Office Space Market:

  • In the immediate aftermath some of the new deals done in Q12020 either got cancelled, renegotiated, postponed or reduced. More such repercussions are still getting panned out.
  • Vacancy levels in March were minimal and during the lockdown it started creeping up to about 4-5% and today are inching towards 8-10%.
  • The developer market has clearly got differentiated between the men and the boys. Grade A buildings of national developers occupied by larger tenants have generally reported 97-99% rental collection for Apr-Jun period. The disruption of existing tenant base in this segment has been minimal. The Non-Grade A segment of the market has witnessed the maximum disruption in tenancies, non-payment of rents, lock-in period deviations and resultantly this segment might be taking the maximum benefit of the loan moratorium scheme.
  • The co-working segment seems to have borne the brunt of this disruption with all players being affected significantly. Centres would have lost 40-50% of their pre-covid tenants. Covid has hastened the consolidation in this segment.
  • Work-from-home (WFH) has definitely affected space take up and deals have slowed down to a trickle. It is not uncommon to hear companies vacating space in favour of the WFH model.
  • Recent newspaper reports give details of some large space take-up's transacted in the city and across other metros. A closer inspection might show significant number of these deals being of pre-covid times or closed much earlier than that.
  • The initial expectation that space take-up in Hyderabad could be down by 25% seems an optimistic estimate now.
  • Rentals have also started coming down as quotes soften and developers and co-working companies are much more flexible than in the Feb-Mar period.
  • A sure short indicator that leads base has shrunk is evident from the fact that couple of large building developers, with ready stock to lease, are now offering increased brokerages to consultants.
  • It is now pretty evident that each major metro will have a different timeline to come out of the Covid impact. In the office space segment it seems that Bangalore and Hyderabad would be amongst the first to bounce back.
  • In Hyderabad by July few SEZ deals have been cleared and some non-SEZ deals also got inked. Clients are signing up for co-working spaces as well, keeping rent start dates for later this year. With clients getting into a nil capex mode, co-working operators seem better poised to cater to their requirements.
  • The Telangana government made a very important decision recently in the form of the GRID policy. Finally the government acknowledges that Hyderabad's lopsided development needs to be corrected and IT needs to be developed on the North and east sides of the city as well. A few developer projects have been sanctioned in Uppal / Nacharam as part of the policy launch. Policy would have borne better fruit if it was released at least a year back. With the overall markets being in a depressed mode any new initiatives / developments in untested markets will take more time to show on-ground results. In the banking sector RBI has a policy for branch licences which balances the urban-rural divide. In a similar way government might have to link developer approvals in the western side to project development on the other sides of the city to ensure more equitable growth of the city on all sides.
  • Decongestion of Hitec City seems to be on the cards.

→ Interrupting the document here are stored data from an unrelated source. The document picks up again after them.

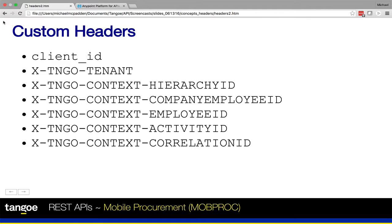For example, say that your company offers its employees an application for ordering cell phones for themselves. The catalog from which they can choose devices and plans may have some restrictions based on organizational level. Now, for security reasons, this application might be configured to only allow API requests to be made from a single service account. In this case, you could also pass a context employee ID or the context company employee ID header that is set to the employee ID for the end user placing the order. This will enable the API to restrict its response to include only the catalog items that this particular employee is authorized to order.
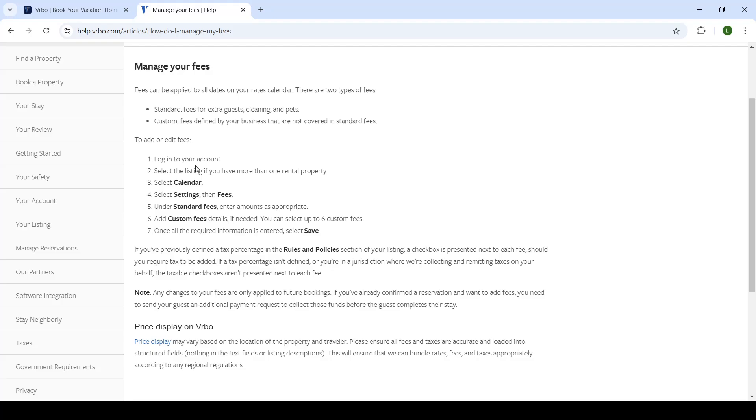So after logging in, you'll select a listing if you have more than one rental property. If you do not, simply click on the one that you already have. You'll click on calendar, which will appear on the left-hand side.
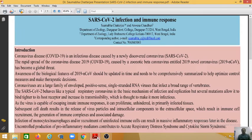Namaskaram everyone, myself Dr. Soma Bacharanji, Assistant Professor of Geology, Turdhapur Government College. In this webinar, my topic of presentation is SARS-CoV-2 Infection and Immune Response.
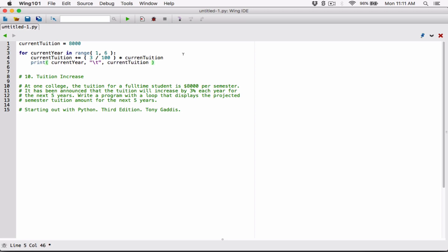By default, arguments passed into the print function are separated with a space, so it will print: current_year, space, tab, space, current_tuition, and then end with a newline by default. Then current_year moves to two, current_tuition is recalculated with three percent added, and we display the current tuition for each year starting from one all the way to five.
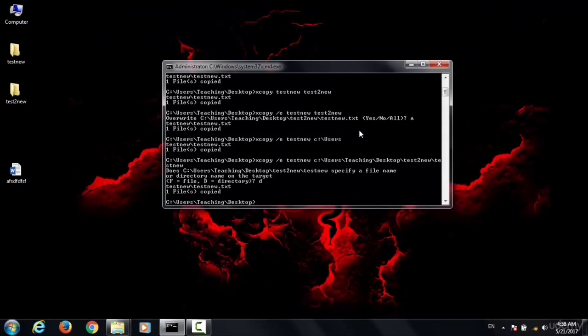So those are the ways to copy and move files and folders using the command prompt.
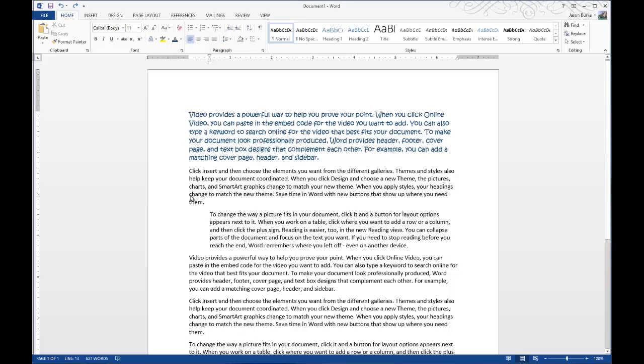Today on One Minute Geek, I'll show you how to use AutoText in your Microsoft Word documents. AutoText is a tool that Microsoft has in Word that allows you to recycle specific text over and over again in different documents without having to retype it every time.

Companies may now be easily persuaded to avoid employees travelling the length and breadth of the city for work. Hopefully the WFH model eventually matures into a more palatable 'work near home' model.
  • The recovery in the office market has started but will have to wait to evaluate its extent and accordingly weigh in on the future. The investor confidence in the recent Mindspace REIT IPO, who have their major portfolio in Hyderabad, is good news for the city's office market.

Retail Market :

  • This segment is the worst hit due to the covid induced lockdown. Overnight this vibrant segment became stagnant with rental waivers and CAM reduction negotiations becoming the new norm.
  • Marquee tenants seem to be terminating contracts in malls as business future projections continues to remain grim.
  • Large number of build-to-suit deals are likely to be back on the negotiation table or will get postponed.
  • Some larger malls seem to be struggling to survive and might be up for grabs to possible large investors looking at building a retail portfolio across the country.
  • Most brands are pushing their rental deals to be converted to revenue share deals. Any possible expansion in future seems contingent on landlords agreeing to revenue share models or expansions are on hold till late 2021. Any brand offering rental deals today is doing so at very low rentals.
  • In this segment also the larger developers have managed tenants better than fragmented ownership model malls.
  • Too early, to predict the future for mall retail as the most important component i.e. cinemas are yet to open up. Hopefully with domestic air travel opening up, a similar model might become a yardstick for cinema's opening up as well.
  • Malls are partially open as part of the various unlock stages. The real challenge remains to persuade the average customer to have faith to walk into a mall to do their shopping. It is this challenge which would the biggest hurdle for cinema's also when they open up.
  • It is not uncommon today for retailers reaching out to their loyal client base offering video calls to do shopping and ensuring home delivery. This is being done for garments, shoes, home furnishing, books & stationery etc.
  • High streets operations of various brands are likely to stabilise earlier than malls and reach pre-covid levels later this year. In the short term customers seemed focused on only need based shopping from high street stores for immediate requirements.
  • The post covid scenario will augur better for high streets with demand for space remaining higher than malls. Brands will completely relook at their strategy in retail in ways and means to reach out to customers closer to their homes rather than flocking everybody into malls.
  • In some of locations like Hitec / CBD, malls were already in oversupply pre-covid. With many brands driving a hard bargain demand for malls likely to go down.
  • Some of the malls might have redevelop as office spaces to keep their properties relevant.

Residential Market:

Commenting on the this segment is always tricky for obvious reasons. Customers like to hear that things are going down and developers want to hear the exact opposite. Anyway here is our 2 bits on the state of the market.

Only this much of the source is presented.